Excerpt #3: "Free of Charge" by Miroslav Volf

One more excerpt from the first half of Miroslav Volf's "Free of Charge". This one comes as a lengthy outtake - in fact, it's a complete section of a chapter. If I were to be so bold and daring, I might suggest that if you get nothing else out of this book beyond this section, you'd be much further along than you were before in life. The entire first half of the book is devoted to the concept of giving and just sings much of Paul's Corinthian letters in a new and refreshing way. I'm just about done with the second half, which focuses on forgiveness. It doesn't lack for anything that the first half has. Look for a few excerpts of that next week. Beyond that, I think it's a given that I've got to add Volf's "Exclusion and Embrace" on my reading list beyond the summer.

God of Abundance (pgs. 105-107)

Limited resources are one of the reasons we don't give. No matter how much we have, our resources are finite, and we ourselves, fragile. Take our amenities away and we feel diminished. Take food and shelter away, and we languish and even die. To care well for ourselves and those entrusted to us, we seek to acquire and keep rather than to give away. To give, we must overcome a hard-wired selfishness born partly of our inescapable finitude. And that's where the God who gives abundantly comes in. Such a God makes giving possible. But how?

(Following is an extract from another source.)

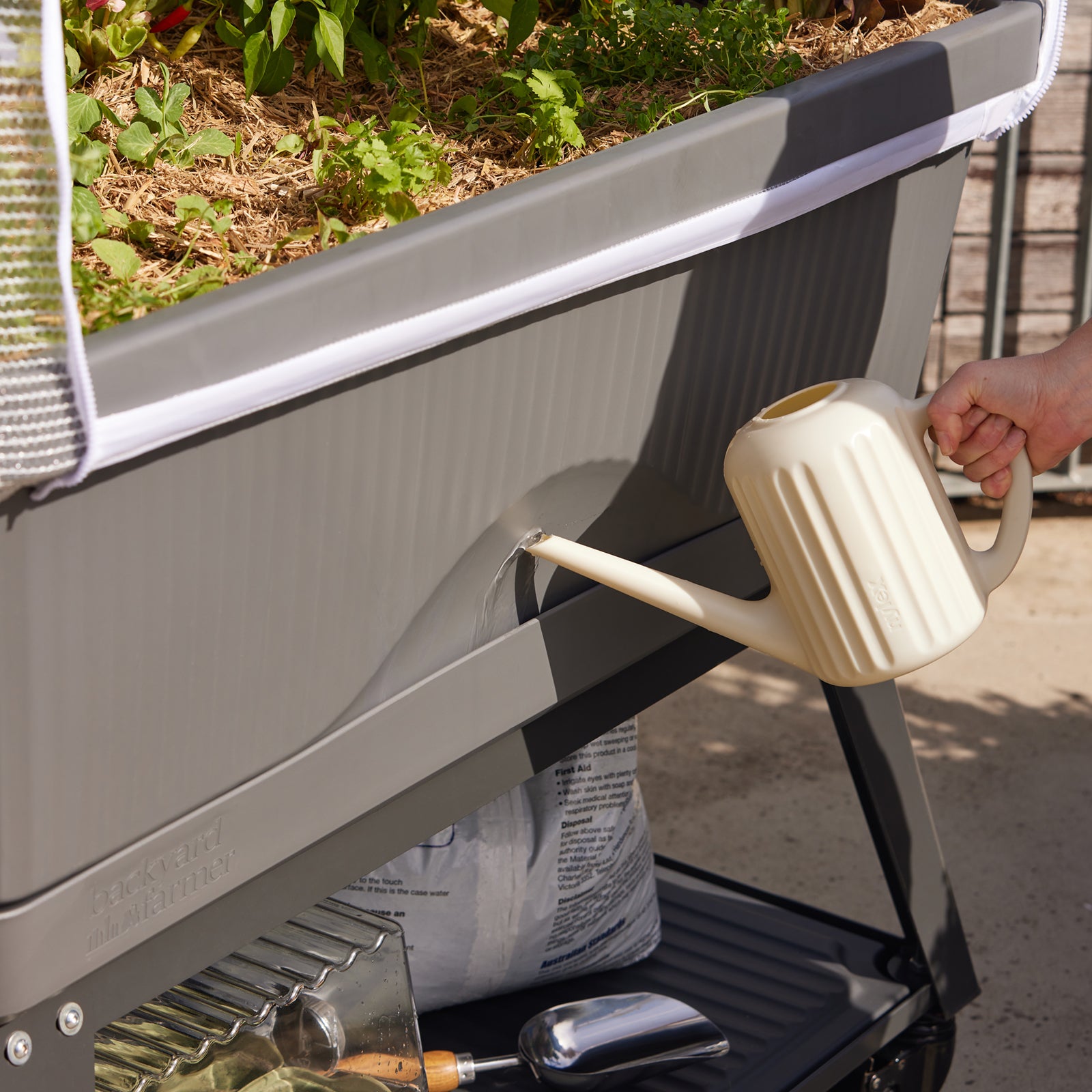 canopy self watering planter Georgie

God doesn't just give; God "scatters abroad", writes the apostle Paul, echoing the psalmist (2 Corinthians 9:9). The image of the God who strews liberally may mislead us to conclude that God has given to the Corinthians in profuse abundance, so they could give to those less fortunate. After all, didn't the Apostle write about their receiving "every blessing in abundance," about "always having enough of everything", of being "enriched in every way" (vv. 8-11)?

But that's all about what God is able to do for them, not what God has already done. The Corinthian believers were poor, and the Apostle knew it. The Macedonian believers who also contributed to his collection for the Jerusalem poor were even worse off. When they gave, they were in the midst of a "severe ordeal of affliction" and plagued by "extreme poverty" (2 Corinthians 8:2) God seems to give measly gifts, but the Apostle and the psalmist wrote about God "scattering abroad"!!? A cynic may conclude that the talk about God's abundant giving is just a piece of religious ideology designed to suck the blood of the poor.

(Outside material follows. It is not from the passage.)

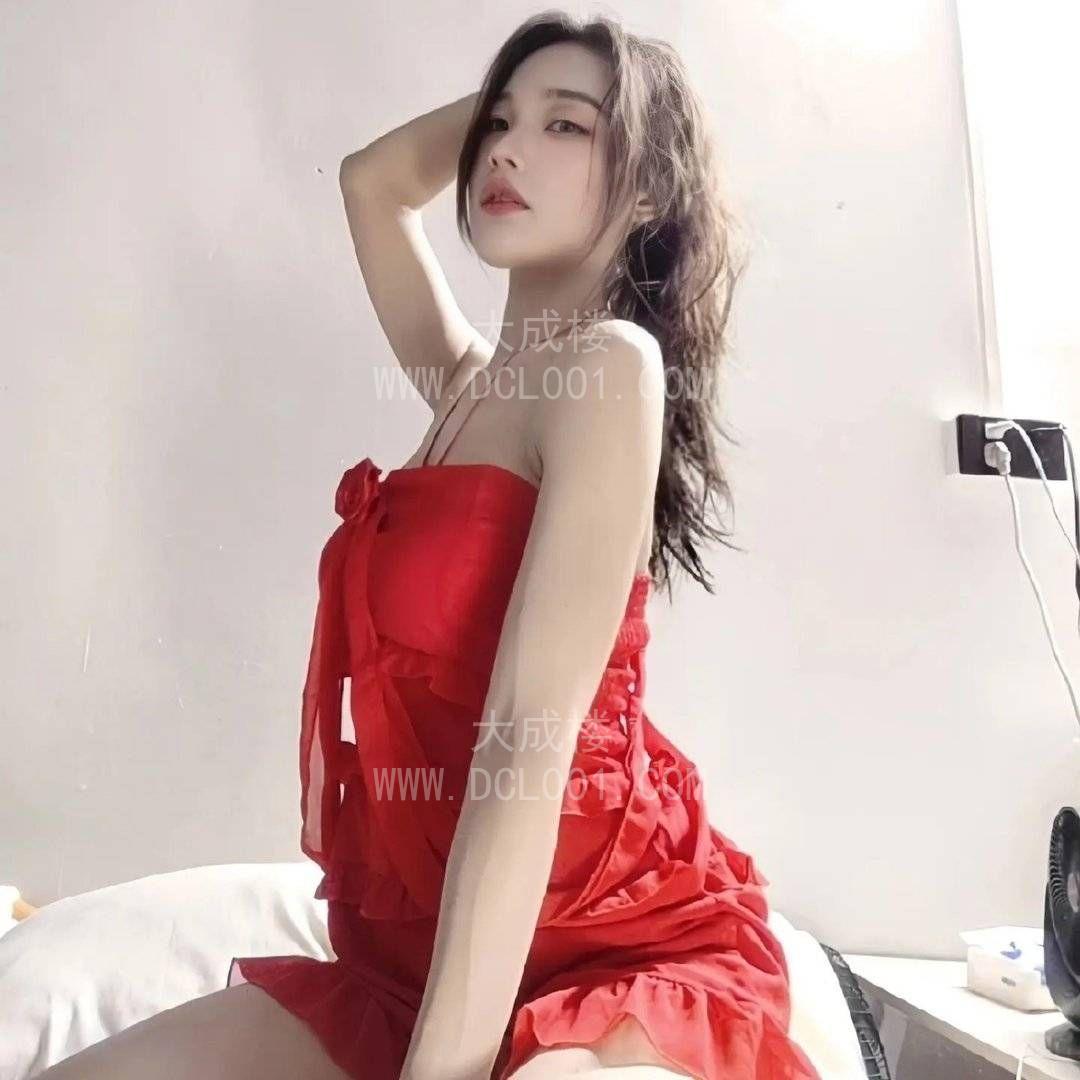 越秀性感诱人小美女思思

Most of us are concerned primarily with the things that God gives - with necessities that millions of people lack or with luxuries in which a few wallow. Such gift items are important for the simple reason taht so many people in our world don't have sufficient food, water, clothing, and shelter. and they are important because they are part of God's blessing, intended for our good and our enjoyment. So if God's resources are inexhaustible, why doesn't God give more?

The relationship between God as giver and the growing poverty in the world is a complicated one that lies beyond the scope of this book. We should keep two things in mind, however. First, God doesn't just give so that we can have and enjoy but so that we can pass gifts along to others. As we have seen in previous chapters, we are given to so we can be givers, not just recipients. Second, what's primarily at issue is not why God doesn't give more, but why we don't pass on to the needy what we already have. At the current levels of economic productivity, there is enough "stuff" around that no one need go hungry and everyone's basic needs can be met. Yet they are not. We pass too little on. If Christians in the United States alone gave 10 percent of their income, the problem of world hunger could be solved. But those of us who have tend to squander or hoard and what we do pass on its often misappropriated by middlemen. No, it's not clear that increasing the amount of things given by God would actually help.

We want God to multiple the loaves and fish to feed the multitudes, as Jesus did in the Gospels. But the Apostle suggested that we'll be able to feed the multitudes if we'd let God change how we think about the loaves and fish we already have. Consider the extraordinary claim he made about Macedonian believers: Their "extreme poverty ... overflowed in a wealth of generosity on their part" (2 Corinthians 8:2). The apostle knew, of course, that you can't give what you don't have. They gave "according to their means, and even beyond their means" (v. 3), no more than that. But he also believed that we don't ahve to have an excess of goods in order to give.

We can be poor and afflicted - indeed, we can be extremely poor and severely afflicted - and still give. We can be affluent and secure - indeed, we can be opulent and bursting with power - and still not give. Wealth doesn't make us givers; poverty can't prevent us from being givers. The poor can give a kind word, a sympathetic ear, or a helping hand. But they can also share food, clothing, shelter, and money - and they generally do it in greater proportion to their means than the wealthy do.